Stephane Marchesin wrote:
Hi,
I was considering how complicated it can be to implement a texture
replacement policy, and then I had the following idea : we could make
use of hardware cocclusion queries on cards that support them to
determine actual texture usage and thus have a good texture replacement
policy. Here is a simplified view of how this could work :
- a usage counter is added to each texture
- each time a texture is bound, a query is started
- each time a texture is unbound, the counter is read back and added to
the corresponding texture counter
- after a number of frames, we are able to compute the number of pixels
actually contributed to by each texture, and thereby determine texture
usage on the fly. Then, we can use this information to move textures
to/from agp/video ram accordingly.
Given that occlusion queries are virtually free (at least when supported
by the underlying hardware) I think this approach could work quite well.
It is also possible to extend it to multitexturing without too much
trouble. What do you think ?
An interesting idea. I have some doubts though it is worthwile to
implement this (though occlusion queries on their own certainly seem
useful). One reason I think it might not be too useful is because gart
texturing is not _that_ slow usually, so using feedback might be
overkill.

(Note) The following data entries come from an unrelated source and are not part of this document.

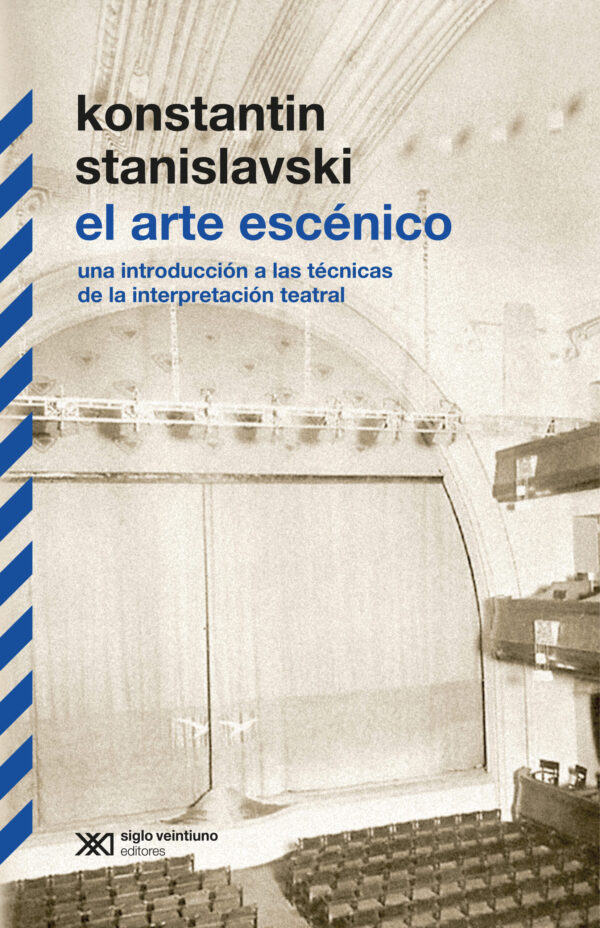 El arte escénico. Una introducción a las técnicas de la interpretación teatral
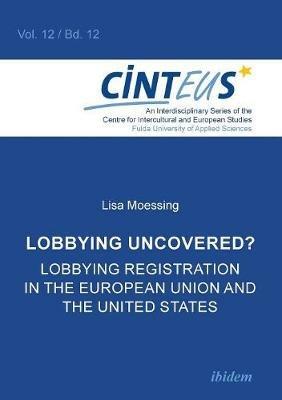 Lobbying Uncovered?: Lobbying Registration in the European Union & the United States - Lisa Moessing - cover
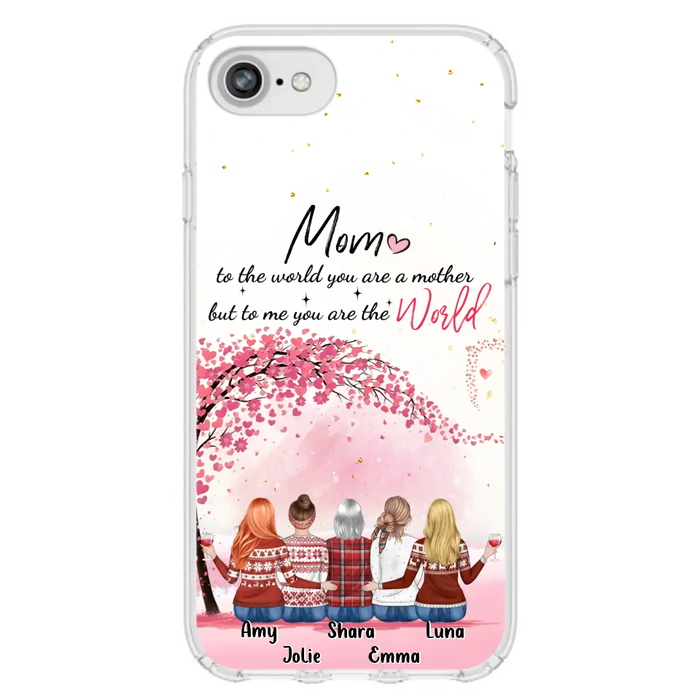 Custom Personalized Mom Phone Case - Mother With Upto 4 Daughters - Gift Idea For Mother's Day From Daughter - To Me You Are The World - Case For iPhone/Samsung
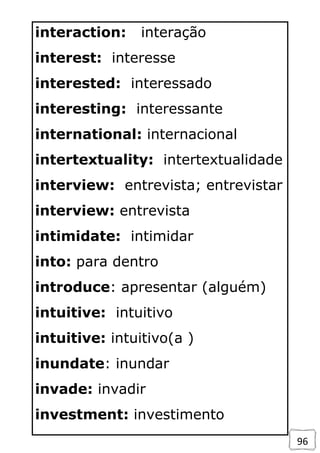 96
interaction: interação
interest: interesse
interested: interessado
interesting: interessante
international: internacional
intertextuality: intertextualidade
interview: entrevista; entrevistar
interview: entrevista
intimidate: intimidar
into: para dentro
introduce: apresentar (alguém)
intuitive: intuitivo
intuitive: intuitivo(a )
inundate: inundar
invade: invadir
investment: investimento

Also, just because you know how many pixels are affected by a
texture doesn't really tell you how much memory bandwidth for texture
reads is necessary, it only gives you a rough idea (since there are
texture caches, and also the texture associated with an object might be
huge but reads only occur for a small mipmap etc.).

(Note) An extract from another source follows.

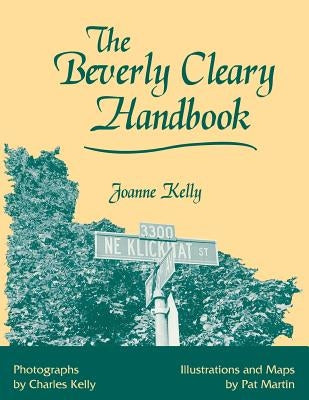 The Beverly Cleary Handbook by Kelly, Joanne
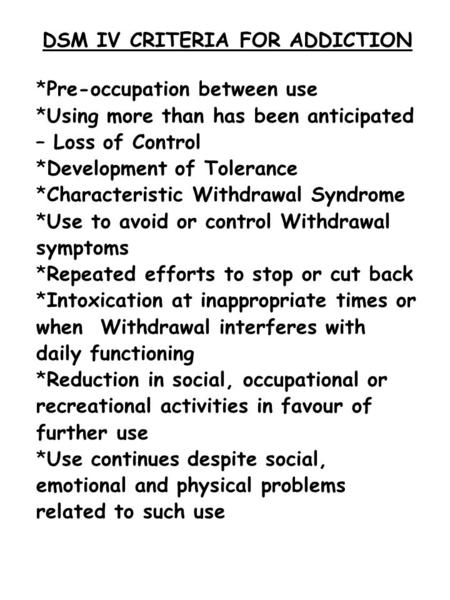 DSM IV CRITERIA FOR ADDICTION *Pre-occupation between use *Using more than has been anticipated – Loss of Control *Development of Tolerance *Characteristic.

I think some mechanism not using any feedback (i.e. just counting how
many times a texture is used per frame and taking texture size into
account) would be quite acceptable for now - and in a world where xaa
wouldn't steal half your local video memory for pixmaps memory pressure
should be quite a bit lower too.
And while occlusion queries might be virtually free in terms of hardware
resources, the code might not look pretty.
I think at least newer gpus should probably have even more appropriate
performance counters if you really want to use a feedback mechanism.